More work for the author, though, I’m afraid, and it’s hard to tell, when you start revising your game, whether it’s going to be so important - so played - so fondly looked back on - that anyone is ever going to be interested in that extensive a changelog. Right now we find it fascinating to see how Curses evolved - back then Nelson was interested only in bettering and bettering his game.

(I am not aware whether the Curses example is a good one; Nelson seems the sort of author who would indeed document changes extensively. But it suffices for this conversation. We could look at The Mulldoon Legacy for another example, I suppose)

Isn’t this what was done with the Infocom games? I think there’s a site somewhere detailling all changes between versions. Or is it just some bug-fixes?

I’ve thought that too. It wouldn’t be a change to the uploading process; just a policy change to keep the old version somewhere. (The annoying part is figuring out where.)

But it’s one of those things that feels not really worthwhile if we didn’t start ten years ago.

Hm, well, with Dropbox, I certainly want to keep the revisions I have & that makes it easy to do personally–just provide an IFDB link. And while revision logs can’t show everything, if you have an original version of a game, a list of logs, and a latest version, then someone can imagine: oh, this is how THIS works, and so forth.

I’ve tried to keep pretty accurate revision logs as well as old walkthroughs, just so people see how things get more sensible and less buggy. It’s fun to look back on what I did. But I don’t know if anyone would have the patience to go through my game, or find it worthwhile!

So I think the historical interest is interesting, but perhaps it can only go so far, so yeah, it may not be worth the effort on ifarchive’s end. I’m not sure if there is IFComp original comp and November 15 versions on the archive, even. But it might be a good place to start, if anyone wanted to.

When a person pours a part of themselves into a work, especially an expressive work of literature or art, and somehow all copies of it are destroyed, it is a sort of tragedy. There’s a part of them there, a part of something they gave birth to, that is gone forever. Like a disappearing god who, when he is forgotten, fades away forever.

Agreed. Preservation is one of the reasons I think people should provide source code of their works under a license that allows for redistribution, modification, etc.

Whether a work is “commercial” in nature doesn’t actually matter to the question of “is it covered by copyright?” Thanks to things like the Berne Convention (which most countries of the world have signed on to), things are placed under copyright automatically just by virtue of having been made, regardless of what the author’s intention is.

By not otherwise declaring anything in particular about what people can or cannot do, works go under the default of “All Rights Reserved”, which disallows all of the things I mentioned (which is what most works seem to fall under, in my experience.)

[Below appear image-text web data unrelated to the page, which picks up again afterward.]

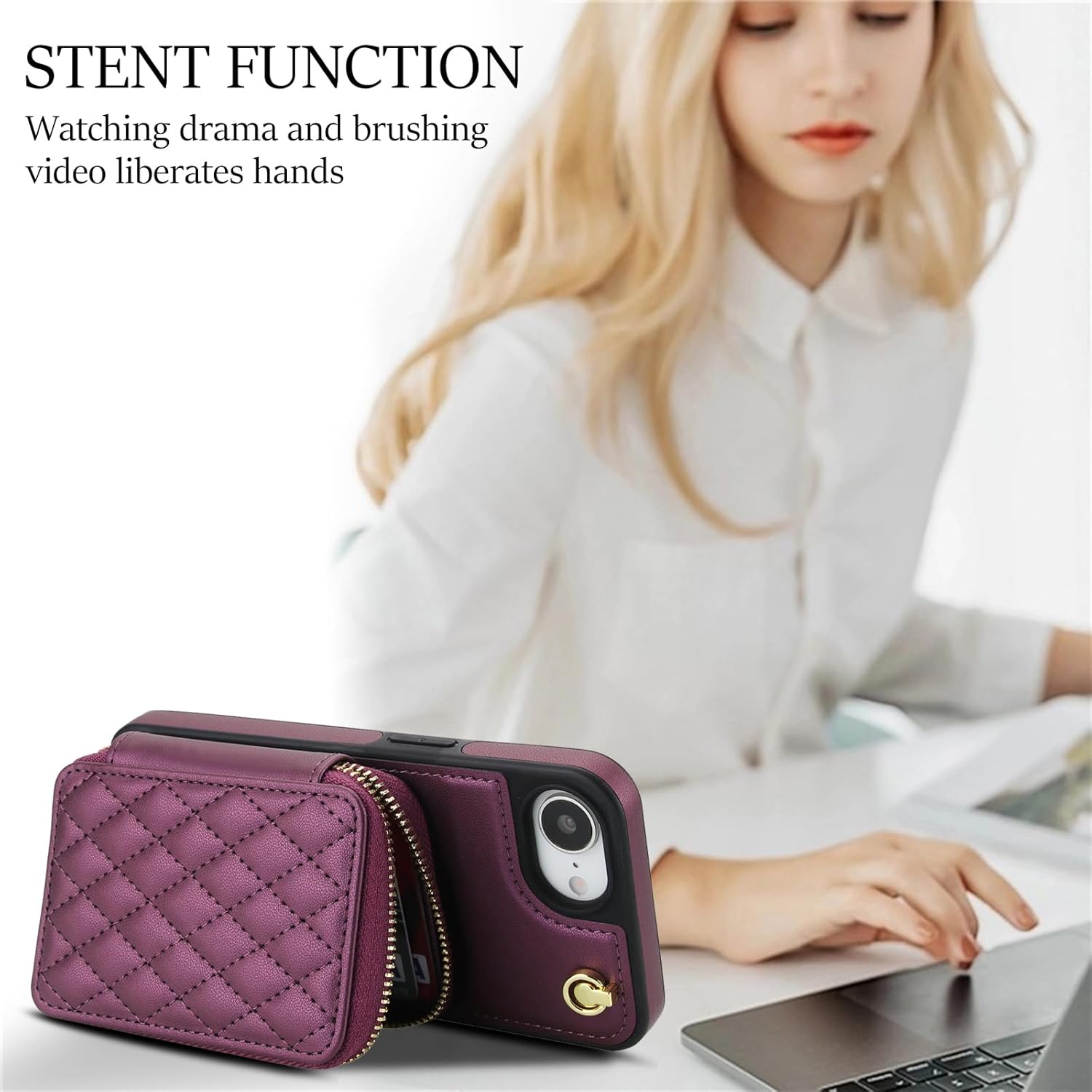 Wefor Compatible with iPhone 16e Wallet Case Crossbody for Women, Zipper Phone Case with RFID Blocking Card Holder Wrist Strap Purse (Dark Purple)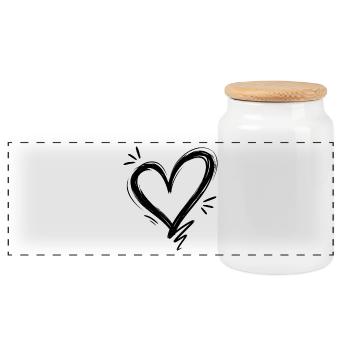 Cœur - Boîte à biscuits avec couvercle en bois - blanc - Devant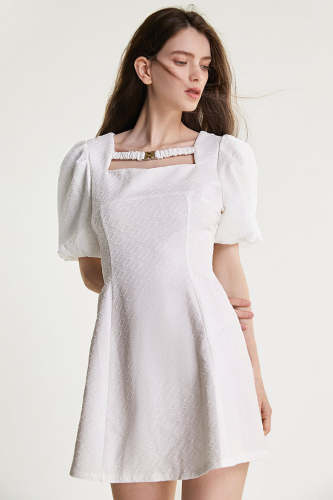 White Textured Buckle Strap Detail Puff Sleeve Mini Dress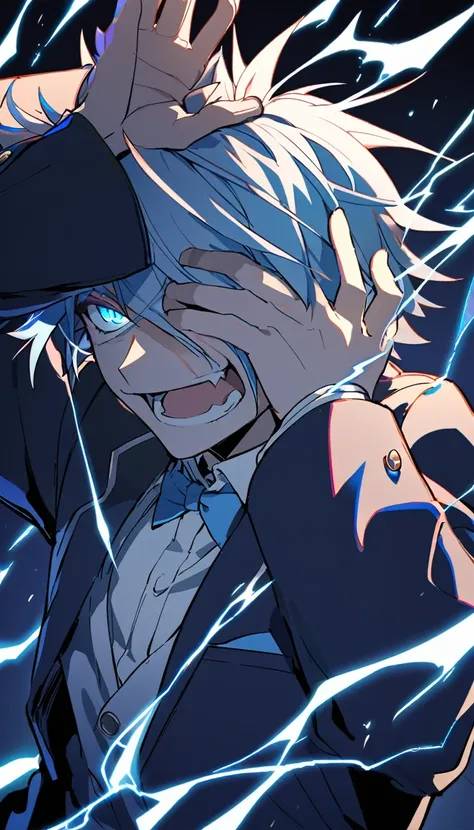 1 Guy,School,Uniform,blazer,logo,spiky light blue hair,blue eyes, psychotic laugh,one hand on his face covering his eyes,blue lightning background,dark aura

Why the legal permission to do those things? Copying and redistribution because backups are important. Also so that an archive can be legally created (look at some of the legal challenges that the Internet Archive has experienced and you’ll see why.) With the our current so-called “permission culture” it’s far safer to be able to point to something and say that you have permission to be doing it. Finally, modification because you never know about the future - The game may need porting to a new or different development systems, etc. Such efforts are much easier when the source code is available along with with the permission to make derivative works, which a port to a newer or different development system would assuredly be.

Hopefully all of this helps to show that a policy of letting people legally modify and redistribute works helps to move toward good public policy.